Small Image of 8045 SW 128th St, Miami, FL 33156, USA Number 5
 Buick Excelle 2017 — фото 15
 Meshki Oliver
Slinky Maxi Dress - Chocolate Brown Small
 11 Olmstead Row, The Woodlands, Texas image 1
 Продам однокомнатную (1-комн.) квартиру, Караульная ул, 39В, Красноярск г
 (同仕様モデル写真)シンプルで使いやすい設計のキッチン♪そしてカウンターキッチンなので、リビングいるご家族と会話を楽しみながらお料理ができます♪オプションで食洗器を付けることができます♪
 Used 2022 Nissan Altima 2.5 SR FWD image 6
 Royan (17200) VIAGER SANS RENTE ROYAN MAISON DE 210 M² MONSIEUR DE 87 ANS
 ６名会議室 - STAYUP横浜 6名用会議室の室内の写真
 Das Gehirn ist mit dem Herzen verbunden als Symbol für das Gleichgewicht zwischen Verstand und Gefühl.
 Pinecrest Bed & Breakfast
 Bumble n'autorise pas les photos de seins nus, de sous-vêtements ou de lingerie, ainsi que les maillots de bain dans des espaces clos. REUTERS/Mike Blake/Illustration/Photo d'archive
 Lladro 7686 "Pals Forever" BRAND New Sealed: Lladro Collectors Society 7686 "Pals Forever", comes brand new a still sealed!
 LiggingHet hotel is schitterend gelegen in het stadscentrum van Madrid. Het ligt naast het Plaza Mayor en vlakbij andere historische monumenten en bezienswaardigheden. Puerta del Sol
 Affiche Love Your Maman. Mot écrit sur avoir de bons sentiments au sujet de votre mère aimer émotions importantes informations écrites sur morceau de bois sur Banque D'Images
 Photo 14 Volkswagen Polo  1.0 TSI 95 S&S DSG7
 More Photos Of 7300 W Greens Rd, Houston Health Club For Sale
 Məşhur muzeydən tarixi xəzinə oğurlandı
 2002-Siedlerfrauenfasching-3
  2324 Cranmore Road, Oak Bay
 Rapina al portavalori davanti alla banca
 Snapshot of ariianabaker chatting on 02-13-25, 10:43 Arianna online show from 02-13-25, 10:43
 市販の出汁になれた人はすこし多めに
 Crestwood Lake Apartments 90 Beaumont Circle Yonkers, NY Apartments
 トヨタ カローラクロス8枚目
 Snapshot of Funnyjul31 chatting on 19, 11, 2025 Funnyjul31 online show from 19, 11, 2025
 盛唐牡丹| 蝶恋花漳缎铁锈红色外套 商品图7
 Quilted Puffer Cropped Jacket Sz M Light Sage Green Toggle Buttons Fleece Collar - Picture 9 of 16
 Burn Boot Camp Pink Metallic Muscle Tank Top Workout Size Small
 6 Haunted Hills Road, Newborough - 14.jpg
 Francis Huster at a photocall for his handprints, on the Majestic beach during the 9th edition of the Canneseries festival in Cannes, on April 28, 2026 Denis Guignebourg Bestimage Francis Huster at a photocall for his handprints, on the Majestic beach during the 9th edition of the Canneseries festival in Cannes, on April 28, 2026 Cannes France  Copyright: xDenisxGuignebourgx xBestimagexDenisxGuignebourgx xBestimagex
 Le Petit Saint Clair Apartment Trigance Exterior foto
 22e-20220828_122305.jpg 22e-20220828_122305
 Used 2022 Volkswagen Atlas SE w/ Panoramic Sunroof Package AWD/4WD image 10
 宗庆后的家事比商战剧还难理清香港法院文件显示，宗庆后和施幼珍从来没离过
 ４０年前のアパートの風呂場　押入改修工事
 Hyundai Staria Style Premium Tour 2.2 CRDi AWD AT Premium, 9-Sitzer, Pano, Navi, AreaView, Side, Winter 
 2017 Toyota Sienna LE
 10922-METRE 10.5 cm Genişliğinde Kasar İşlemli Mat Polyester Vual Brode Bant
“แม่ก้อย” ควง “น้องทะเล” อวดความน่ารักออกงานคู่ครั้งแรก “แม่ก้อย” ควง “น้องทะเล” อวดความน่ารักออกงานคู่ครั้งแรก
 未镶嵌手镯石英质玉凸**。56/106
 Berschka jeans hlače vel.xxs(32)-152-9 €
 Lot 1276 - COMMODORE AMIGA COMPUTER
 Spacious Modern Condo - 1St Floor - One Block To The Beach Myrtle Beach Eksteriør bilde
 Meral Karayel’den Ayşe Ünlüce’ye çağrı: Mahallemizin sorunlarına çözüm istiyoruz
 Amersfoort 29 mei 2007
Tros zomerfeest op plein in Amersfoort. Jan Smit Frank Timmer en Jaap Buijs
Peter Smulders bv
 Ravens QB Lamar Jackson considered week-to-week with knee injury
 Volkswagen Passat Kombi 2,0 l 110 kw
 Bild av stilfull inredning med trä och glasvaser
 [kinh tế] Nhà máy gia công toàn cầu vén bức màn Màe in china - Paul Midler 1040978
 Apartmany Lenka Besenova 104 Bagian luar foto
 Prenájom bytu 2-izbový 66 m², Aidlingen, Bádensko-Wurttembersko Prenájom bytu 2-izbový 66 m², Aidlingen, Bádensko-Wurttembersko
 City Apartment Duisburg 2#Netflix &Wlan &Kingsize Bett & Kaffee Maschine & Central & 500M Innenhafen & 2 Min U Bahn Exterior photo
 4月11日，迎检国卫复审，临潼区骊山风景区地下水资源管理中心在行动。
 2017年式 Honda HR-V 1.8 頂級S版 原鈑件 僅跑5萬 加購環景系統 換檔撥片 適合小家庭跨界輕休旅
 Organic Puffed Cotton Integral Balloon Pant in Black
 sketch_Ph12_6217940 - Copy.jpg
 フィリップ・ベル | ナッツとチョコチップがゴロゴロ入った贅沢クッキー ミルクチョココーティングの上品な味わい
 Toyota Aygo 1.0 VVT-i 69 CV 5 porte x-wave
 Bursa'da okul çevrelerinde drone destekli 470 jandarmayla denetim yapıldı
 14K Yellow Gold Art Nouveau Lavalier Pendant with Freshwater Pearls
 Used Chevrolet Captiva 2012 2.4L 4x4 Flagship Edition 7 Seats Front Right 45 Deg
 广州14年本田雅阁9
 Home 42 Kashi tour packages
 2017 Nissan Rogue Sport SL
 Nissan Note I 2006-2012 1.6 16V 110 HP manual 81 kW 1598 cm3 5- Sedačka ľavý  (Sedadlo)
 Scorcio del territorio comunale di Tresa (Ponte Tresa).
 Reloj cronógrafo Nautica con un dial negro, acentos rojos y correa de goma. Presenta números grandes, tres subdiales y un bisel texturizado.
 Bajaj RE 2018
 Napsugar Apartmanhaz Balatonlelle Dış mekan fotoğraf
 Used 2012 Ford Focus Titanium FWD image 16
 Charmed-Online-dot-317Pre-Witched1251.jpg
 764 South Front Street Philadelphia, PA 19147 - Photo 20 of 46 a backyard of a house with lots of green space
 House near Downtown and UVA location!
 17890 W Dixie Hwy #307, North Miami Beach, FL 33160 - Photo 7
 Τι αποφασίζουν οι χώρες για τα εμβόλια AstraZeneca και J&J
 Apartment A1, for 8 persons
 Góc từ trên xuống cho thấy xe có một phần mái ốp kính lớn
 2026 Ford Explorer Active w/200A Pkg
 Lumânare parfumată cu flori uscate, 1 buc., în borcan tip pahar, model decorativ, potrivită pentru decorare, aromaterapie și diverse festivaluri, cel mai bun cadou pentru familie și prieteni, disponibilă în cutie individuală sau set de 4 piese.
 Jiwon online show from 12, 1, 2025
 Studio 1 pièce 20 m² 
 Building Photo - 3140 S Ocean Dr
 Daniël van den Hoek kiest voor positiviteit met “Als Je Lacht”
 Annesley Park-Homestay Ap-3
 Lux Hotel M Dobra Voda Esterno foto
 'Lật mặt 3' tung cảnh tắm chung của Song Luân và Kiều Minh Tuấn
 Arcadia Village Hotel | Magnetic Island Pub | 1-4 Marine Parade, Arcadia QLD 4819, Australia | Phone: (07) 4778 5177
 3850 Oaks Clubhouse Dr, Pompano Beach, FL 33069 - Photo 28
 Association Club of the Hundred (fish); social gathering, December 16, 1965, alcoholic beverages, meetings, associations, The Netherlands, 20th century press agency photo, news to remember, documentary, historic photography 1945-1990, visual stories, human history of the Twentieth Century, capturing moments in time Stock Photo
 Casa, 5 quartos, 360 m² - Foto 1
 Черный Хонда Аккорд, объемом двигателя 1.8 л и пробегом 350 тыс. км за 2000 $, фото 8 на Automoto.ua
═══
(EXERCISE OBJECTIVE) Your reply is to repeat, unchanged, the lines above running from the one with "Apartment A1, for 8 persons" up to and including the one with "Casa, 5 quartos, 360 m² - Foto 1".

(OUTPUT OF THE TASK)
 Apartment A1, for 8 persons
 Góc từ trên xuống cho thấy xe có một phần mái ốp kính lớn
 2026 Ford Explorer Active w/200A Pkg
 Lumânare parfumată cu flori uscate, 1 buc., în borcan tip pahar, model decorativ, potrivită pentru decorare, aromaterapie și diverse festivaluri, cel mai bun cadou pentru familie și prieteni, disponibilă în cutie individuală sau set de 4 piese.
 Jiwon online show from 12, 1, 2025
 Studio 1 pièce 20 m² 
 Building Photo - 3140 S Ocean Dr
 Daniël van den Hoek kiest voor positiviteit met “Als Je Lacht”
 Annesley Park-Homestay Ap-3
 Lux Hotel M Dobra Voda Esterno foto
 'Lật mặt 3' tung cảnh tắm chung của Song Luân và Kiều Minh Tuấn
 Arcadia Village Hotel | Magnetic Island Pub | 1-4 Marine Parade, Arcadia QLD 4819, Australia | Phone: (07) 4778 5177
 3850 Oaks Clubhouse Dr, Pompano Beach, FL 33069 - Photo 28
 Association Club of the Hundred (fish); social gathering, December 16, 1965, alcoholic beverages, meetings, associations, The Netherlands, 20th century press agency photo, news to remember, documentary, historic photography 1945-1990, visual stories, human history of the Twentieth Century, capturing moments in time Stock Photo
 Casa, 5 quartos, 360 m² - Foto 1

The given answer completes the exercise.